EXERCISE:
Print the line where "image:imageTHE NORTH FACE" occurs and every line that follows it in the data below, ending with the last line, precisely as written.

INPUT DATA:
# # #
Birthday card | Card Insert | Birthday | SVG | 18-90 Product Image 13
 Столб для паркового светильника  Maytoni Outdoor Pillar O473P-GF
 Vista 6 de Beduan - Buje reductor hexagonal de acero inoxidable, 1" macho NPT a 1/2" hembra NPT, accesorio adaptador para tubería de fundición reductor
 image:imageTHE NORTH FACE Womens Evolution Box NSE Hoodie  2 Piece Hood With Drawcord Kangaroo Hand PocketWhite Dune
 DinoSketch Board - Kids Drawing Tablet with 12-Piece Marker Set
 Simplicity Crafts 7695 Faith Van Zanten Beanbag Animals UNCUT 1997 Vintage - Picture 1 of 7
# # #
REPLY:
 image:imageTHE NORTH FACE Womens Evolution Box NSE Hoodie  2 Piece Hood With Drawcord Kangaroo Hand PocketWhite Dune
 DinoSketch Board - Kids Drawing Tablet with 12-Piece Marker Set
 Simplicity Crafts 7695 Faith Van Zanten Beanbag Animals UNCUT 1997 Vintage - Picture 1 of 7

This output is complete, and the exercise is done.